Rien ne permet d’établir que M. [K] [D] est dans l’incapacité d’occuper un emploi adapté à son handicap, d’autant plus qu’il ressort du rapport médical de la MDPH en date du 23 février 2024 qu’ 'en novembre 2017, le comité médical du [1] a émis un avis défavorable pour la reconnaissance de l’inaptitude définitive et absolue à l’exercice de ses fonctions et toutes fonctions dont il a été proposé à M. un reclassement en tant qu’agent d’accueil polyvalent puis plus aucune info à partir de 2019 (auparavant, il travaillait comme agent d’entretien de cimetière dans une mairie).'
M. [K] [D] ne rapporte la preuve d’aucune démarche engagée en vue d’accéder au poste d’agent d’accueil polyvalent qui aurait échoué en raison de son état de santé.

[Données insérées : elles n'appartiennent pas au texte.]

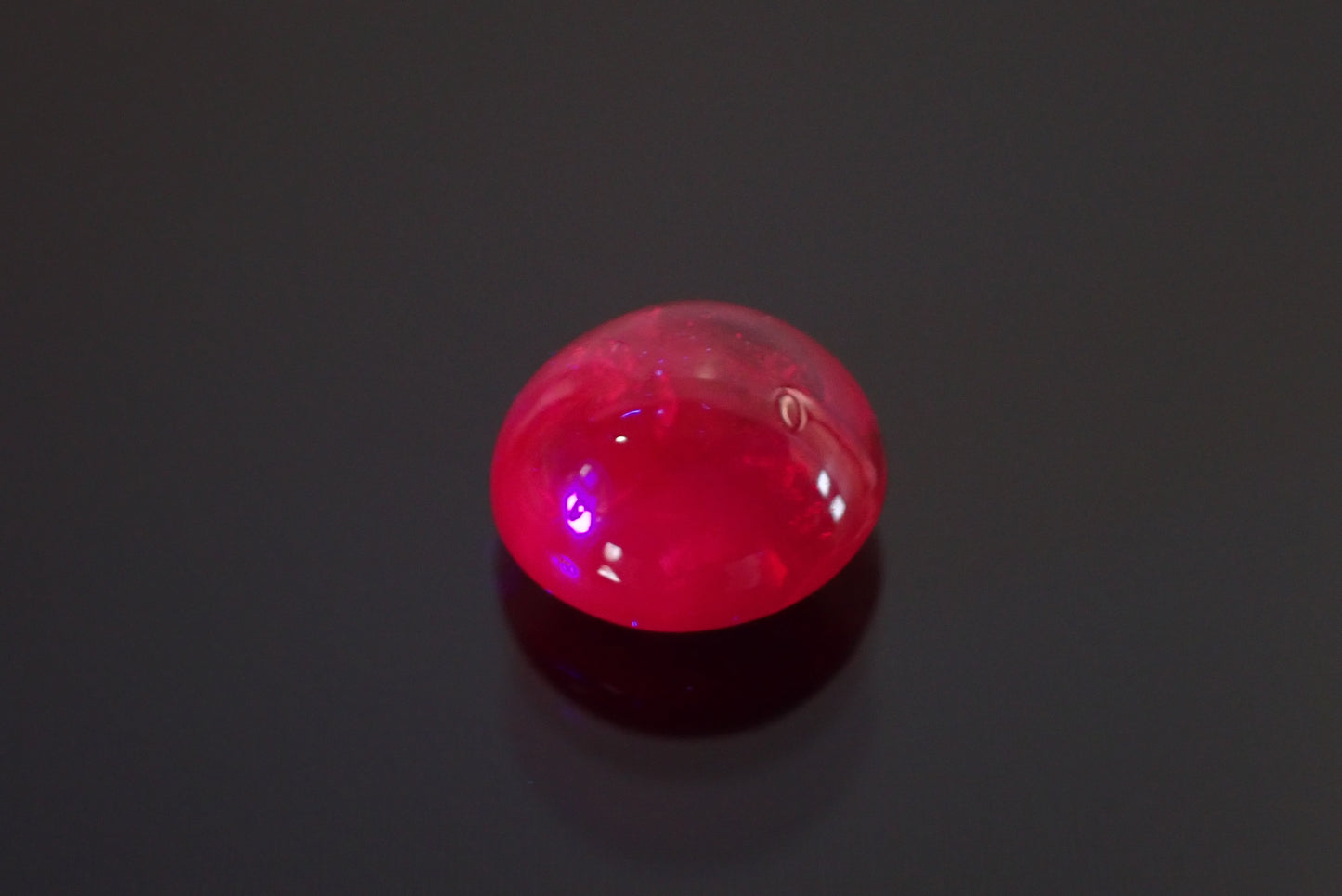 カボションルビー 0.57ct 【AR1149】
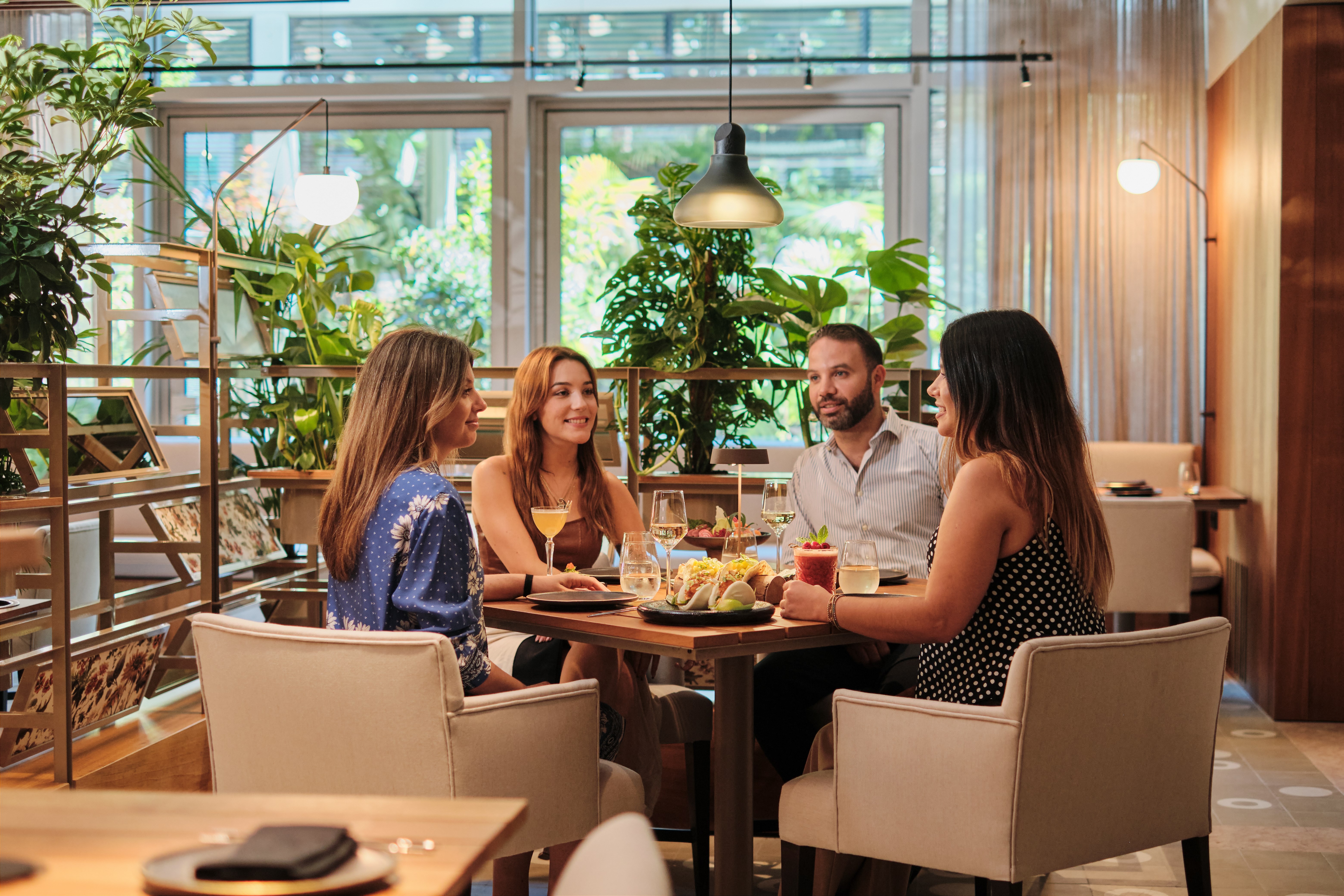 Corinthia-Lisbon-Soul-Garden-Restaurant-and-Bar-Indoor-Lunch-with-Friends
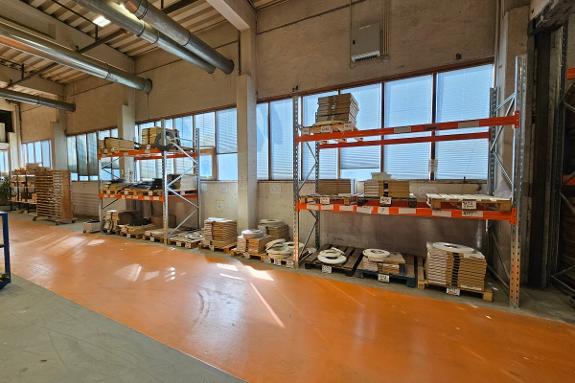 Pallereol Lager Systemer - seksjonsbredde ca. 2,9 m - dybde ca. 1,1 m - to seksjoner - to bjelkenivåer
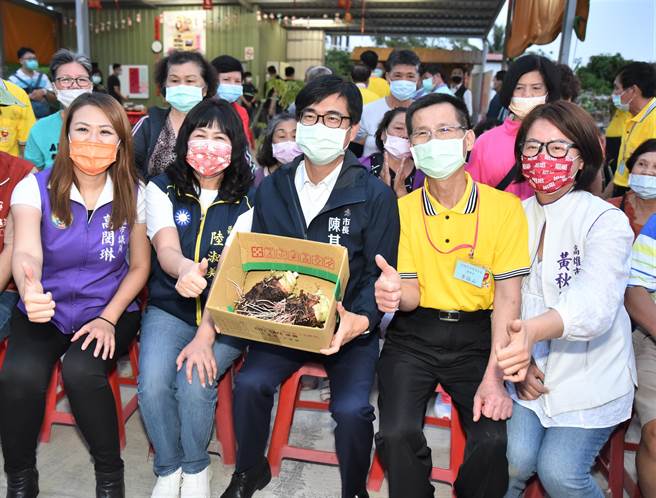 高雄市長陳其邁（前中）、高雄市議會副議長陸淑美（前左二）等人2日到梓官區劦助銀髮農園關懷長者。（林瑞益攝）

Le fait qu’il souffre de plusieurs pathologies ne peut suffire à caractériser la restriction substantielle et durable pour l’accès à l’emploi.
Au vu de l’ensemble de ces considérations, c’est à bon droit que le premier juge a refusé à M. [K] [D] le bénéfice de l’AAH.
Le jugement entrepris sera confirmé en toutes ses dispositions.
PAR CES MOTIFS
La Cour, statuant publiquement, par arrêt réputé contradictoire, en matière de sécurité sociale et en dernier ressort ;
Confirme en toutes ses dispositions le jugement rendu le 15 mai 2024 par le pôle social du tribunal judiciaire d’Avignon,
Déboute M. [K] [D] de l’intégralité de ses demandes,
Condamne M. [K] [D] aux dépens de la procédure d’appel.
Arrêt signé par le président et par le greffier.